### HOW TO COMPLETE THIS TASK:
A full, exact copy of the listing is needed, with images omitted.

### DATA:
§

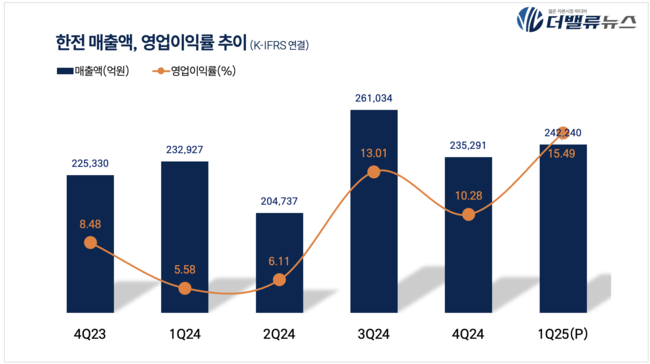 한전, 1Q 잠정 매출액 24.2조…전년동기比 4%↑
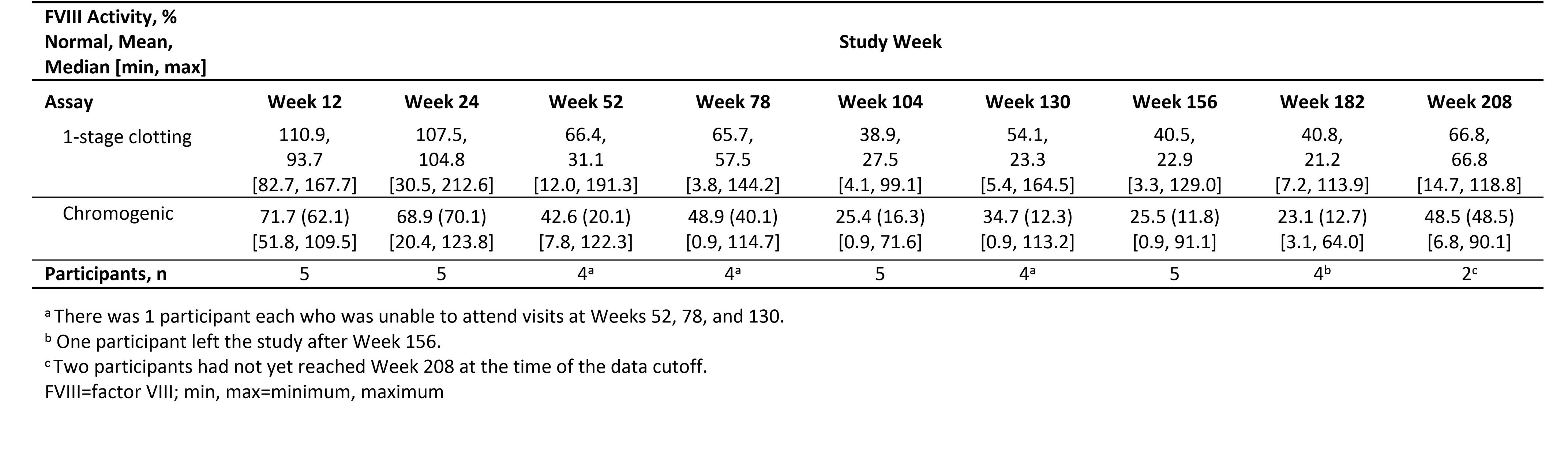 Hem A ASH 2023 Abstract 8K table for 11.03.23_no title.jpg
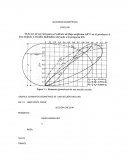 GRAFICA ELEMENTOS GEOMÉTRICO DE UNA SECCIÓN CIRCULAR.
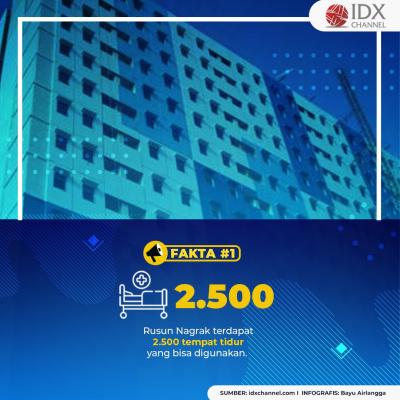 Pasien Covid Meningkat, Anies Siapkan Rusun Nagrak Andai Wisma Atlet Penuh. (Foto: Tim Digital Marketing IDX Channel)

§

### SOLUTION:
 한전, 1Q 잠정 매출액 24.2조…전년동기比 4%↑
 Hem A ASH 2023 Abstract 8K table for 11.03.23_no title.jpg
 GRAFICA ELEMENTOS GEOMÉTRICO DE UNA SECCIÓN CIRCULAR.
 Pasien Covid Meningkat, Anies Siapkan Rusun Nagrak Andai Wisma Atlet Penuh. (Foto: Tim Digital Marketing IDX Channel)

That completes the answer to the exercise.